|How Google Handle Common Canonical Issues "On Their Own"?|
For a long while now, many webmasters here have been paying attention to canonical URL issues [webmasterworld.com] - especially the "www" type and the "index.htm" type. Google communicated a lot about this over the years as well - letting us know that it was a tough problem and giving advice on how webmasters could help the situation. Eventually all three major search engines agreed on the rel="canonical" meta tag -- and soon Google is even going to allow that tag to work across different domains.
All this is now history, but I've got an observation and a question. It's been months since I analyzed a website and saw evidence of these two canonical problems in any set of Google site: operator results. The problem used to just jump out - and the same thing was also true for the "soft 404" duplicate content problem.
This site operator seems untroubled, even for websites that do not handle these canonical issue on their own server. This is not yet so for the other search engines, by the way.
What I'm wondering is this. Does Google handle these canonical issues only in a cosmetic way -- hiding the problem from view but not really combining link juice for the URL variations? Or are at least the most common versions of the canonical url issue now handled "for real"?

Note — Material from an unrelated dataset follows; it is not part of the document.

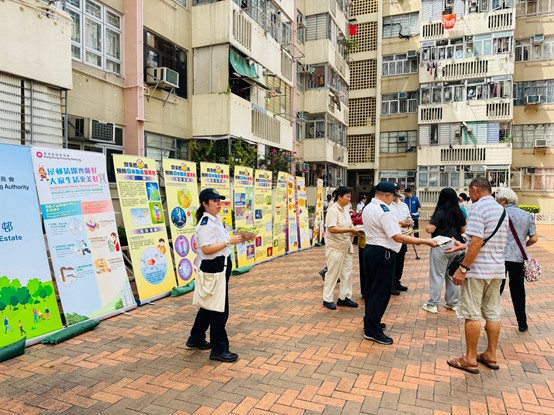 食環署人員派發宣傳單張，提醒市民採取措施防治蚊患。政府新聞處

My impression is that Google now handles these two common problems for real, as well as the soft-404 problem. I'm wondering what others are seeing.
I believe that these problems are handled 'for real' but strongly prefer not to rely on any third party to 'get it right' unless there's no other choice.
It strikes me that working around server configuration errors and the resultant canonicalization problems is an undertaking that does not scale very well. So at some point in the future as the Web continues to grow, Google (and the others) may 'run out of time' to process all of the sites that have (or may have) canonicalization problems, and so some smaller or less-important sites may not be so processed.
This is obviously a back-end process since all URL variants must be fetched before they can be compared, and at some point it may become too resource-intensive for search engines to 'try' all of the various non-canonical variations of domains and URLs to see if they all resolve to one domain or to one resource within that domain.
IOW, they may eventually ask themselves whether they can continue to afford the resources to fetch 16 or more possible URL variations for every page, compare the results, and note any likely-accidental duplication in their database(s) used for ranking purposes.
As a result, I prefer not to "rely on the kindness of strangers" regarding the health and well-being of my sites; I still recommend that steps be taken in the server configuration to 301-redirect non-canonical URL requests to the corresponding canonical URLs, and the use of the on-page HTML "canonical" tag as an alternate method if this server redirection cannot be accomplished for any reason.
My experience is that Google is pretty good these days at handling very obvious cases of duplication - the index document example you mention, for instance. I'm pretty sure there is 301-like handling when Google gets it right - usually for 100% identical documents.
There is a major category of duplication problem that Google will never be able to handle very well - where a site has changeable content, and so when it visits one "duplicate" one day and another the next, the content is somewhat different. I've found the threshold of changes required seems to be quite low for Google to see them as duplicates it can confidently map to one location. In those cases, I think we have the other problem you allude to - the gradual "hiding" of content in Google results. It's never been so hard to track down specific content with specific searches.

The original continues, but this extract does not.